Secretary of State Hillary Rodham Clinton on Wednesday accused Sudan's leader of trying to scuttle a historic peace deal that created the world's newest country last year.
Clinton told a House panel that Sudanese President Omar al-Bashir's regime in Khartoum is actively trying to undermine the government of South Sudan and that the Obama administration will look at new ways to build pressure on them to stop. Her comments came in response to a lawmaker's question about reported bombing attacks on refugees fleeing violence in the south and firefights between southern and northern troops.
"I think that what we've got with Bashir is a very determined effort to try to undo the results of the comprehensive peace agreement," Clinton said.

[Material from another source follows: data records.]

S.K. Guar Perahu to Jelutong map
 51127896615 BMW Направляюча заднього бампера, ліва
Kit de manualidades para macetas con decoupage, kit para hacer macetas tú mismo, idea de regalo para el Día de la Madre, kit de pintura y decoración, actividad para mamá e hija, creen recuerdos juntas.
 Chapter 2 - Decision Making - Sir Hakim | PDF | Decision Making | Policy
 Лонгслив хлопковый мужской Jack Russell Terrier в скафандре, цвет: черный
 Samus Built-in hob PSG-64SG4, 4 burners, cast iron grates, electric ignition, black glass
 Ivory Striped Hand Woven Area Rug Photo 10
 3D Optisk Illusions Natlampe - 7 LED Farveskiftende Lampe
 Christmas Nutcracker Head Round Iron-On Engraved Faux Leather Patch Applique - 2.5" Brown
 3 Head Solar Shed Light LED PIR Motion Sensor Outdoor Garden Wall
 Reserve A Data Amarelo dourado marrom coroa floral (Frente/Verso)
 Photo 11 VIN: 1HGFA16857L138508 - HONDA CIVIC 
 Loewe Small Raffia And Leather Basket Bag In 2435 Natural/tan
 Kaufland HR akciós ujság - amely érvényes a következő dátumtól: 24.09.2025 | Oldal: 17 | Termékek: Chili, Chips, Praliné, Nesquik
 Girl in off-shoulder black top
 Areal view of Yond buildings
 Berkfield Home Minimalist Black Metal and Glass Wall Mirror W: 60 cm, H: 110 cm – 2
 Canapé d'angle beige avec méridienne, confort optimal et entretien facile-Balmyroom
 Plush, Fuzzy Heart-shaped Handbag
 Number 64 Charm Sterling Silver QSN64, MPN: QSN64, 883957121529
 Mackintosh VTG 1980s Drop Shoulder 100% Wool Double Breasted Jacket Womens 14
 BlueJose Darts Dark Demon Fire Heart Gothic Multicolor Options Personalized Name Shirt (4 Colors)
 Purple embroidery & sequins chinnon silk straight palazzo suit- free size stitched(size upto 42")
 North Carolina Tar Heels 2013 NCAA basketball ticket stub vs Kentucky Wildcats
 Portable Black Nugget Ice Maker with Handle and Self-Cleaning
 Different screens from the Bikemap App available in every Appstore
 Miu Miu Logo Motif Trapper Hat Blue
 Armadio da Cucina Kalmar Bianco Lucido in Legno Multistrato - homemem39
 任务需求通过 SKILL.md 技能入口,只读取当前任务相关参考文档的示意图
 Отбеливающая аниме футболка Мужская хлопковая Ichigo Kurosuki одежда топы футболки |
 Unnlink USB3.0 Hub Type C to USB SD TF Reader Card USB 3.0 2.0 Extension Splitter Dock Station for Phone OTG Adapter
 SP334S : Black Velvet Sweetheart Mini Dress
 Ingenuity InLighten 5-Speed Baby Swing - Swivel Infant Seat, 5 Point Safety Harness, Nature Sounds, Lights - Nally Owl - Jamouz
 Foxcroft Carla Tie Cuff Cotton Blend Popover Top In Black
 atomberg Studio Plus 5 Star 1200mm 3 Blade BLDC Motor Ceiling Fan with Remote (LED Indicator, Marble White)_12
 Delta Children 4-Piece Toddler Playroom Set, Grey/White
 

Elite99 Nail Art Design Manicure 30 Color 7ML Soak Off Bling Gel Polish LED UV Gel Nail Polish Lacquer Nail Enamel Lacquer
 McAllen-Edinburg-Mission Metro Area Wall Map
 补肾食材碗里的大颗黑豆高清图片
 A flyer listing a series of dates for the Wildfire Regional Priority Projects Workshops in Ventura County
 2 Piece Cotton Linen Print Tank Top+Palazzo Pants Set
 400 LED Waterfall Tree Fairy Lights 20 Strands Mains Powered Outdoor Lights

South Sudan was created last year after southern Sudanese voted to secede from Sudan in a referendum required by a 2005 peace agreement that ended the country's long-running civil war. Clinton noted that the people of the South had voted overwhelmingly for independence and lamented that Bashir, after initially embracing the results and attending the inauguration of South Sudan's president, had been involved in "a steady effort to undermine this new state.
"We will certainly look at trying to up the pressure on Khartoum and on Bashir personally," she said.
Earlier this month, South Sudan accused Sudan of bombing a border town, violating a non-aggression agreement between the two nations just hours after it was signed.
That agreement was inked during talks to resolve outstanding provisions of the 2005 peace deal, including the division of the two nations' once-unified oil industry. South Sudan inherited nearly three quarters of Sudan's oil production but its oil must still exported through pipelines through Sudan.
The two countries have been unable to agree on the transport fees the south should pay. In lieu of an agreement, Sudan declared it would take a percentage of the South's oil as in-kind payments prompting the South to accuse Khartoum of stealing its oil and shut down all production in its oil fields, depriving Khartoum of a critical source of income.
The two countries are also far apart on other issues such as the demarcation of the north-south border and the status of the disputed Abyei region.